Enforce double-booking prevention with a PostgreSQL unique partial index on the bookings table:

CREATE UNIQUE INDEX idx_no_double_book
  ON bookings (practitioner_id, slot_start)
  WHERE status = 'confirmed';

This index makes it physically impossible for two rows with the same (practitioner_id, slot_start) to both have status = 'confirmed'. The partial index (WHERE status = 'confirmed') means cancelled bookings do not consume a slot — the same slot can be rebooked after a cancellation without any index cleanup.

A Redis pre-check is used as a fast path to reduce contention under load, but it is not the correctness gate:

1. Redis GETBIT availability:{practitioner_id}:{date} {slot_index}
   → If bit is 0 (slot taken), reject early — no DB round-trip needed
2. INSERT INTO bookings ... ON CONFLICT DO NOTHING RETURNING id
   → Unique index enforces correctness; zero rows returned = conflict

Consequences

Positive:

  • The correctness guarantee lives entirely within the database — no additional distributed infrastructure to deploy, monitor, or reason about.
  • No lock expiry edge cases.
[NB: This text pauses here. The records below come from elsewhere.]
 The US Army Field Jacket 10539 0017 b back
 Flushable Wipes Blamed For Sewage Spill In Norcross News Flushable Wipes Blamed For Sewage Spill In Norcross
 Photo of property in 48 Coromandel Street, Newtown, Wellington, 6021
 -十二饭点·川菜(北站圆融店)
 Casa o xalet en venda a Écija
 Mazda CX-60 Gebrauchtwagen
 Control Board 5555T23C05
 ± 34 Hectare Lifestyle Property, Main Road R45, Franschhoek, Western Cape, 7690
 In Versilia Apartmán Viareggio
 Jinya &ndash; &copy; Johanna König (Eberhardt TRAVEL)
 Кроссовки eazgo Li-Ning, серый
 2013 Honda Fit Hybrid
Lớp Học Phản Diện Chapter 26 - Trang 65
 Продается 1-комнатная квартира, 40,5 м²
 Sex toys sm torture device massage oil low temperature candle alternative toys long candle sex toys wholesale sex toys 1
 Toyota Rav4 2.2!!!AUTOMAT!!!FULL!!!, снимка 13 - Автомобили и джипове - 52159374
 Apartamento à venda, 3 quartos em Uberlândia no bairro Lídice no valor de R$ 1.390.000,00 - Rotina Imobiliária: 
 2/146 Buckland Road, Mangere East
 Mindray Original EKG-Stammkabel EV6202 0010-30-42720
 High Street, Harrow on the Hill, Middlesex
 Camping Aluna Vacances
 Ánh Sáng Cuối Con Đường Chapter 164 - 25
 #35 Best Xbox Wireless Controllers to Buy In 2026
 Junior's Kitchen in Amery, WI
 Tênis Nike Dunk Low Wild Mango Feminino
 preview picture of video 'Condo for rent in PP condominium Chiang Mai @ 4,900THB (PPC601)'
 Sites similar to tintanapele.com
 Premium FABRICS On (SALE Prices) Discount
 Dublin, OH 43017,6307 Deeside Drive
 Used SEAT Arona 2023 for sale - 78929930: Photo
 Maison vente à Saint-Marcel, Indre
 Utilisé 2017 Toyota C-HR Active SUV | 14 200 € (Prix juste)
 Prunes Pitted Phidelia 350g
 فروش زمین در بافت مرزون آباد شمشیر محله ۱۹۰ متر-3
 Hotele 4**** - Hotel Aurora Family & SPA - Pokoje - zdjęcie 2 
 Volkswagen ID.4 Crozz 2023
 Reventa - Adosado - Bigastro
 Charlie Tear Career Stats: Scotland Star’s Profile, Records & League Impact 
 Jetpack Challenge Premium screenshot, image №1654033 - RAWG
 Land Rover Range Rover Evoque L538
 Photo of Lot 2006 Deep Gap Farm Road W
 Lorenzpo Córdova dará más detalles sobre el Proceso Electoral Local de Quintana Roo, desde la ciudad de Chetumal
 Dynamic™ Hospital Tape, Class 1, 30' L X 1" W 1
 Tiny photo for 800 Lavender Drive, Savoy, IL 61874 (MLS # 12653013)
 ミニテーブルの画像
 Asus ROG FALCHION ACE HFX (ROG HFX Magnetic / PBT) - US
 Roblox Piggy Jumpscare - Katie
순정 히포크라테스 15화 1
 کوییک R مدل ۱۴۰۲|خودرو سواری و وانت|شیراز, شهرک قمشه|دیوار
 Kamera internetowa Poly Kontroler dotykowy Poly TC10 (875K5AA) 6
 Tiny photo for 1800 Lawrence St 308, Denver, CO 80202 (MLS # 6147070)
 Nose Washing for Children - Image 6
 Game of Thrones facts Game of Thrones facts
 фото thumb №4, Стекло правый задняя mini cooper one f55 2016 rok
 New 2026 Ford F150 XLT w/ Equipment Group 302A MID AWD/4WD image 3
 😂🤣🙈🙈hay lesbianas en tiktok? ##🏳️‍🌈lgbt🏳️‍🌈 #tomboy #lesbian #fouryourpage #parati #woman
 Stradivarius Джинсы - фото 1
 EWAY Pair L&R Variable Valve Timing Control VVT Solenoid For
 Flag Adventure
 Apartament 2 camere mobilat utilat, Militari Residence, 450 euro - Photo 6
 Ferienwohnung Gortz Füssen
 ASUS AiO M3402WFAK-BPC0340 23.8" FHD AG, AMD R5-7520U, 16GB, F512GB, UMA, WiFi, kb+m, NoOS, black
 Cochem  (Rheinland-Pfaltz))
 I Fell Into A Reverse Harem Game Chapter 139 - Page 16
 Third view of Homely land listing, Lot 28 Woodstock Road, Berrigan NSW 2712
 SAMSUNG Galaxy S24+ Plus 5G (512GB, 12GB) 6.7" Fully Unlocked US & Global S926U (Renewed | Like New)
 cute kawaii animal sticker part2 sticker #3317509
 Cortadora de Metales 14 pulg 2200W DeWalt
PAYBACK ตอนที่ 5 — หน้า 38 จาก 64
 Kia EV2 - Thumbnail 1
A distributed lock (Redlock) requires careful TTL tuning: too short and the lock expires during a slow DB write; too long and a crashed lock holder blocks the slot until the TTL expires.
  • The partial index is transparent in the query plan and auditable via EXPLAIN.
  • Cancellations are handled correctly by design: UPDATE SET status = 'cancelled' removes the row from the partial index, immediately freeing the slot for rebooking.
  • The Redis pre-check is additive — it reduces DB contention but the system is correct without it (fallback is automatic if Redis is unavailable).

Negative:

  • Under high contention on a popular slot, multiple concurrent INSERT attempts will compete at the DB level. The unique index resolves conflicts with a serialisation error, but all losing transactions have already consumed a DB round-trip. The Redis pre-check reduces (but does not eliminate) this wasted work.
  • The constraint is enforced at the DB layer, so application code must handle UniqueViolation (error code 23505) and translate it into a user-facing "slot no longer available" response.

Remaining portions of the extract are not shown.